- _Task to complete_
Copy only the lines from the one with "Stories that Changed" through the end of the records, exactly as they stand. No pictures belong in the copy.

- _Saved data entries_
--- START ---
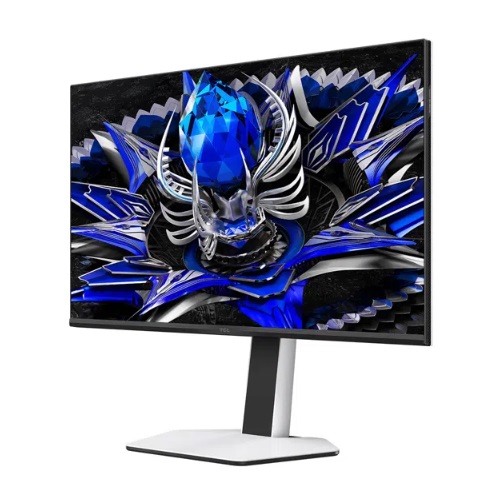 TCL 32R84 QD Mini LED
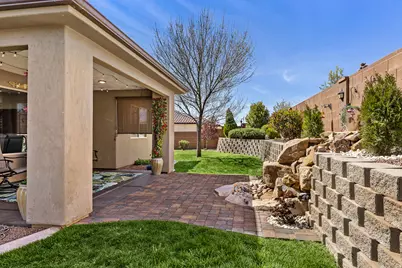 1729 E County Canyon Dr, Saint George, UT 84790 - Photo 24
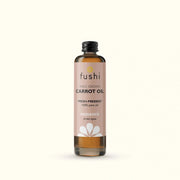 Wild Carrot Oil 100ml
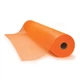 Склосітка штукатурна Pinplast 145 г/м2 - рулон 50м2 - зображення 2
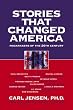 Stories that Changed America: Muckrakers of the 20th Century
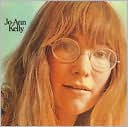 Jo-Ann Kelly [1969]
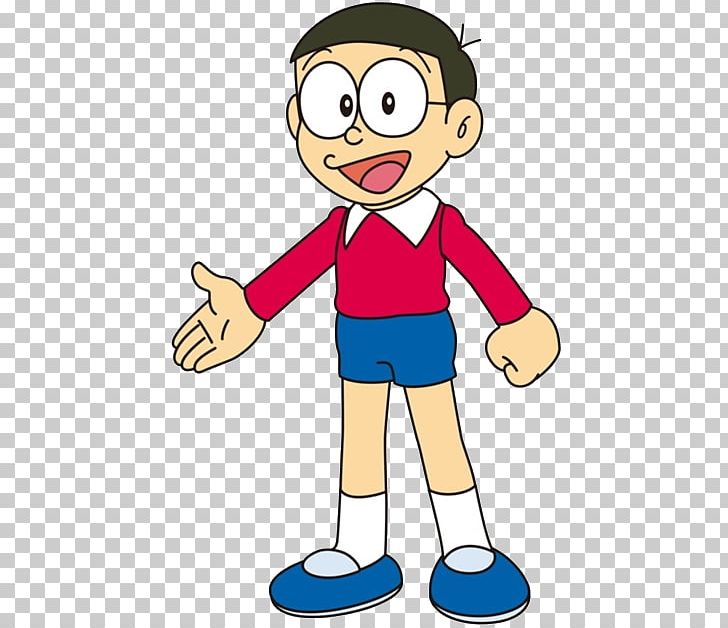 Nobita Nobi Doraemon Shizuka Minamoto Sewashi Animated Film PNG, Clipart, Animated Film, Doraemon, Nobi Free PNG Download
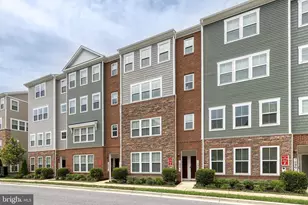 1296 Foggy Turn, Crofton, MD 21114 - Photo 1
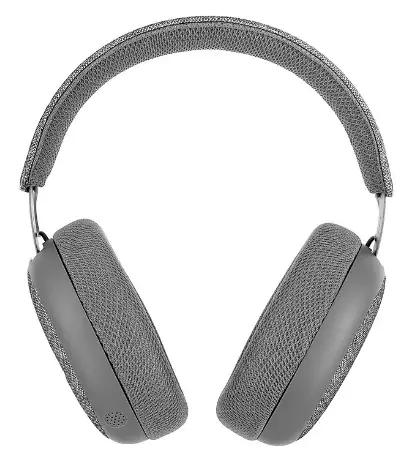 onanoff-FOKUS-Active-Noise-Cancelling-Headphones-PRODUCT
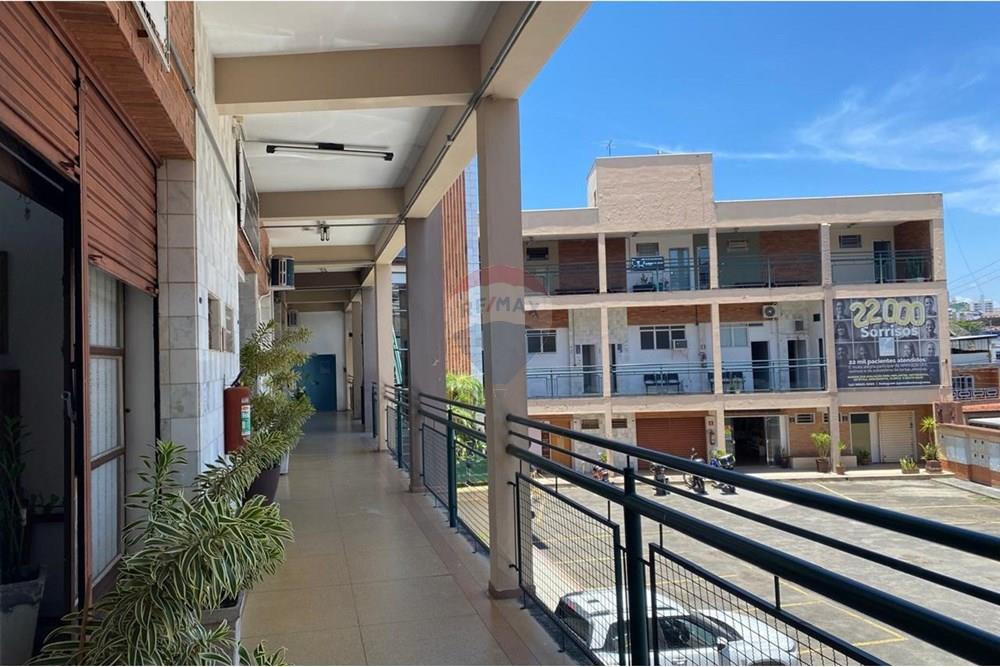 Ponto Comercial/ Loja - Alugar - Juiz de Fora , Minas Gerais - IMG-20251201-WA0033.jpg - 860431071-11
--- END ---
- _Response to the task_
 Stories that Changed America: Muckrakers of the 20th Century
 Jo-Ann Kelly [1969]
 Nobita Nobi Doraemon Shizuka Minamoto Sewashi Animated Film PNG, Clipart, Animated Film, Doraemon, Nobi Free PNG Download
 1296 Foggy Turn, Crofton, MD 21114 - Photo 1
 onanoff-FOKUS-Active-Noise-Cancelling-Headphones-PRODUCT
 Ponto Comercial/ Loja - Alugar - Juiz de Fora , Minas Gerais - IMG-20251201-WA0033.jpg - 860431071-11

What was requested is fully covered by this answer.